Saturday, December 4, 2010

Winter's Bone

Winter's Bone might be compared to Deliverance, what with its hellish look into the America neglected by everyone fortunate enough to have never stepped into a particularly poor area of the Ozarks. Yet as I looked at its bleak gray skies, stripped trees and barren landscapes, the film that came most often to mind was Threads, the what-if faux-documentary that questioned what nuclear war might mean for the world.

Dirty, broken down objects litter each yard of the decrepit, rotting houses. Meth production and usage is rampant, and high schools appear to function less as preparatory facilities for college than recruiting stations for the military. That raises questions about the fairness of voluntary enlistment, but for those growing up in this situation, a hostile Middle Eastern desert might seem a tropic getaway.

Ree Dolly (Jennifer Lawrence) also has dreams of joining the Army to get the $40,000 signing payment and to get the hell away. But when her father, Jessup, goes on the lam, Ree knows she'll never be able to leave, forced to care for her younger siblings and a brain-dead mother. To make matters worse, the local sheriff (Garret Dillahunt) comes 'round to inform Ree that Jessup skipped out on his bail, and if he doesn't show up for his hearing, the bondsman will come and collect the house Jessup put up as collateral.

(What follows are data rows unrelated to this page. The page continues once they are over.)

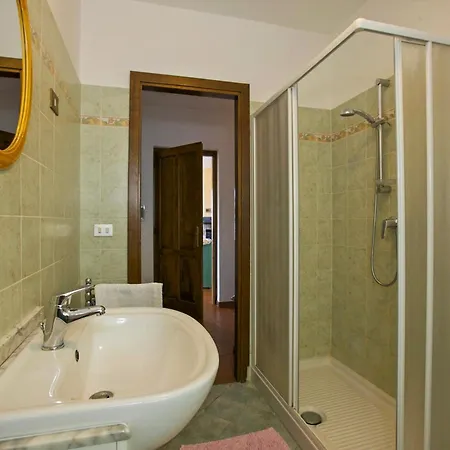 Casa Ornella Nyaraló Trarego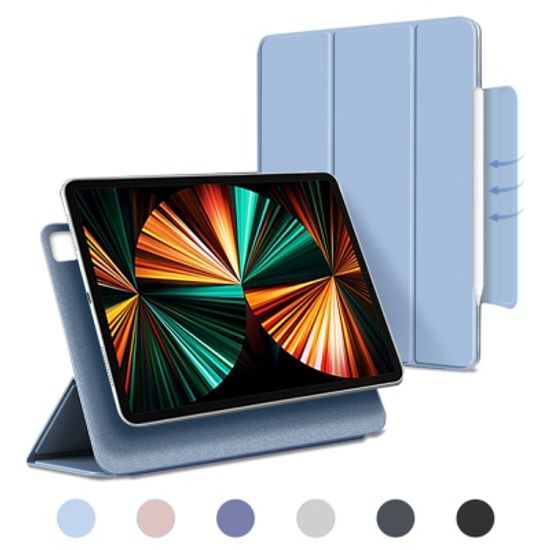 아이패드 프로 12.9 6/5/4 세대 마그네틱 케이스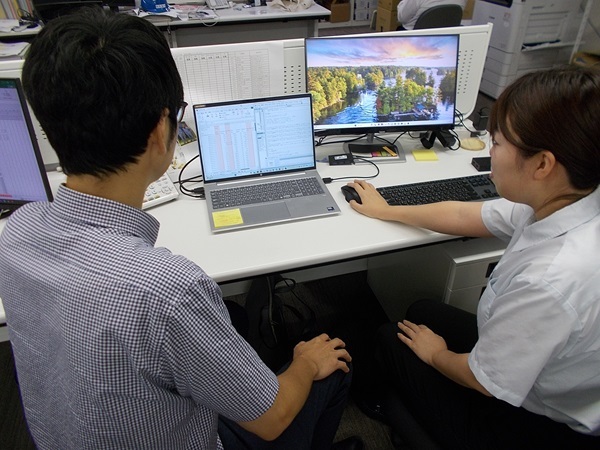 転職・求人情報イメージ2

Winter's Bone unfolds as a mystery, yet the core of the story veers off the path of the usual thriller. When we learn Jessup made meth, the film instantly ceases to be about Ree trying to find out what happened to her dad and simply a story of her looking for the inevitable corpse. Yet it's also not a whodunit: Jessup's brother and Ree's uncle, Teardrop (John Hawkes), knows what will happen if word gets out, and at one point he sternly whispers to Ree that if she ever finds out what happened to Jessup to never tell anyone, not even him. If the grim setting were not macabre enough, Winter's Bone is ultimately the quest of a young woman to find and recover just enough of her father that a forensics lab can identify.

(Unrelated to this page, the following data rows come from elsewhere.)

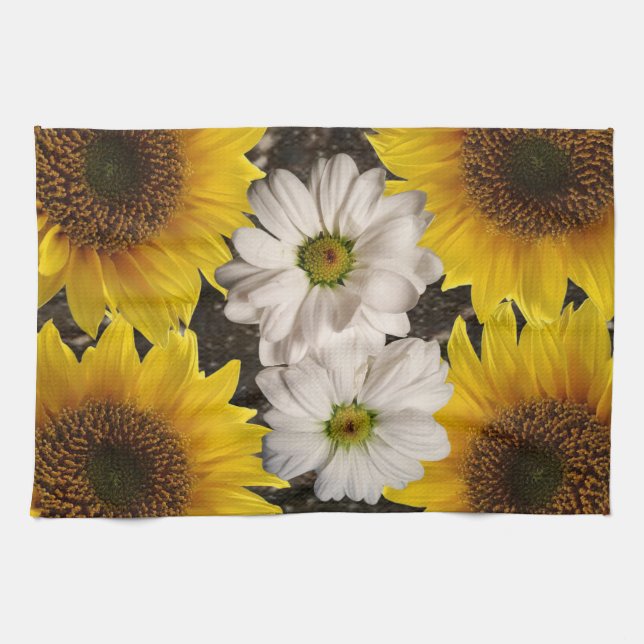 Handtuch (Horizontal)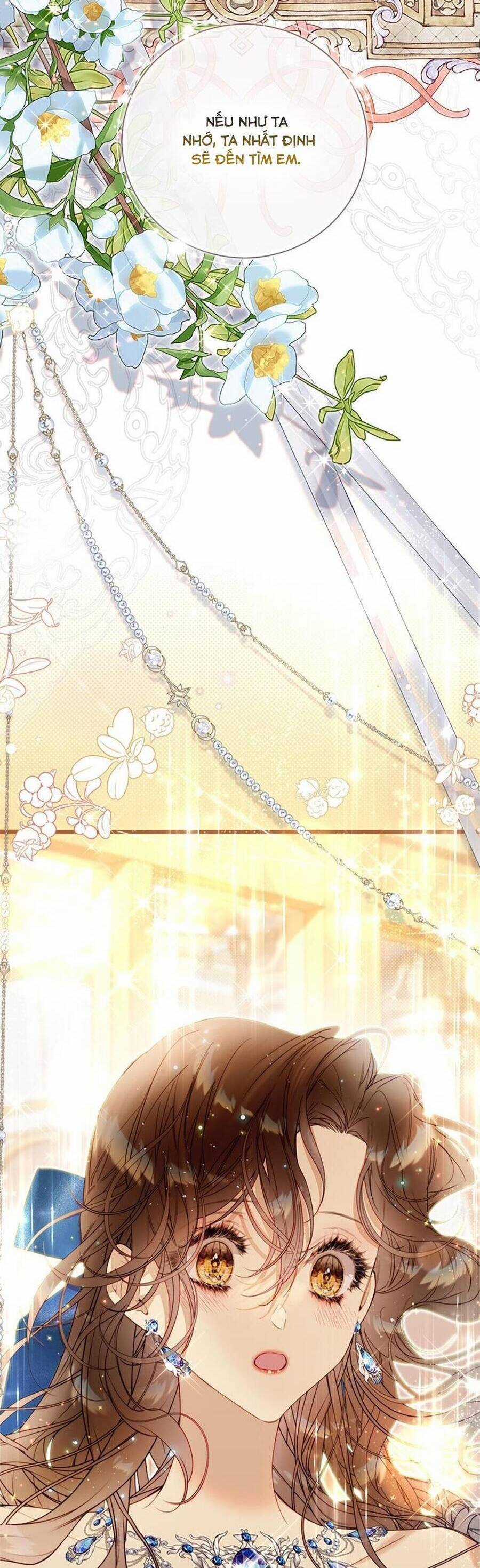 Công Chúa Chloe - Chapter 126 - Trang 27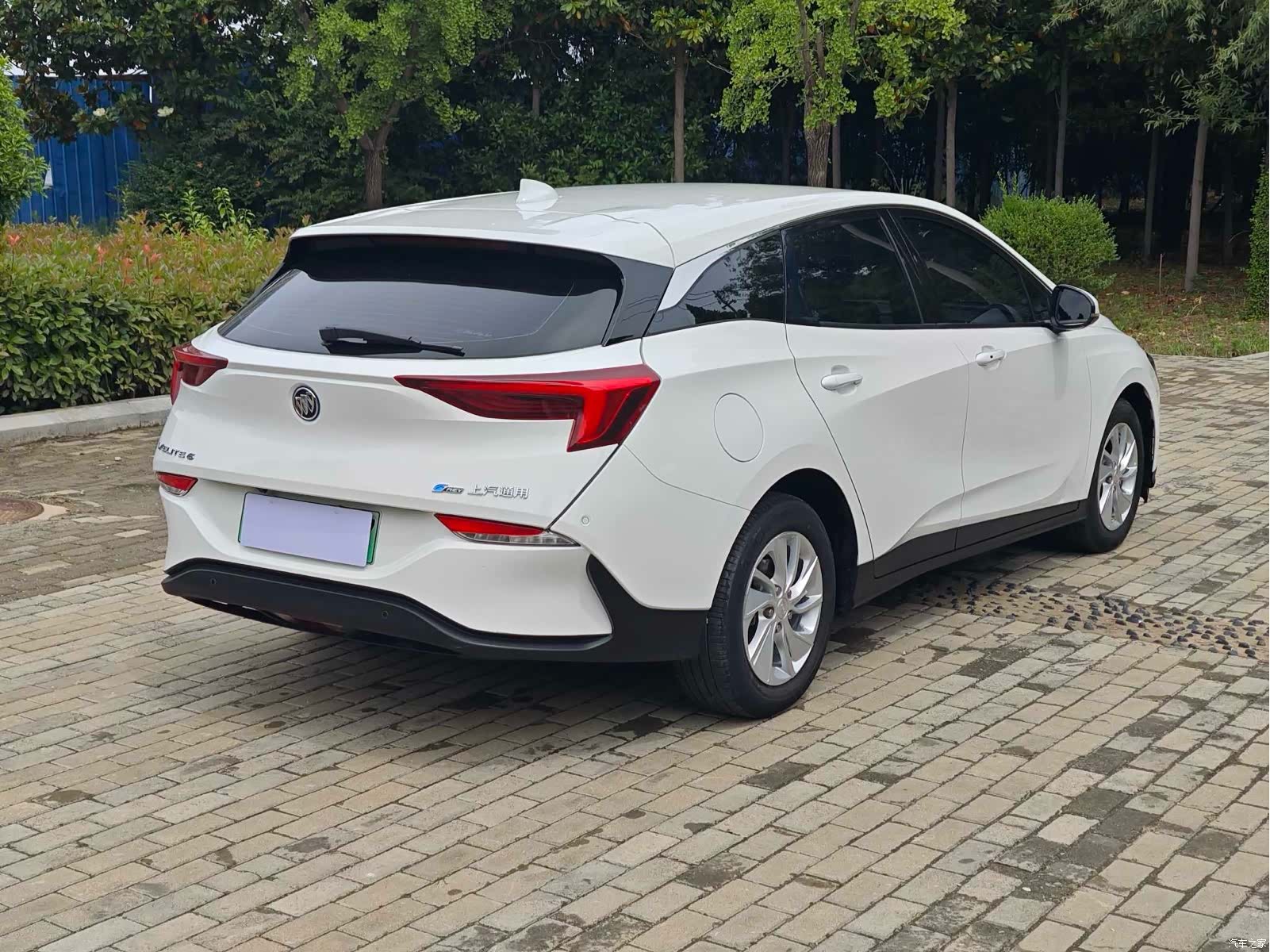 Buick Velite, 2023 10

There can be no doubt that director Debra Granik, working from Daniel Woodrell's novel, exaggerates its characters and conditions. It is a work of drama. Yet the film sidesteps the usual garish stereotyping that befalls and grim absurdity of backwoods horror, digging into a serious issue plaguing these economically crippled areas. Ree has an admirable fearlessness, but the deeper she travels into the complicated, deadly web of drug production and insular community, the more her courage becomes a liability.

Avoiding garish, gory displays of violence and cheap scares, Granik and cinematographer Michael McDonough instead create a constant sense of unease, as if the world is slowly collapsing until we suspect time and space might bend and form a noose around this young woman's neck. Not even family is much help to Ree, and everyone she encounters, whether they have anything to hide or not, exudes a threatening aura. The people of this region have aged prematurely: deep wrinkles threaten to make mole people out of the middle-aged. Stringy, oily hair hangs in clumps.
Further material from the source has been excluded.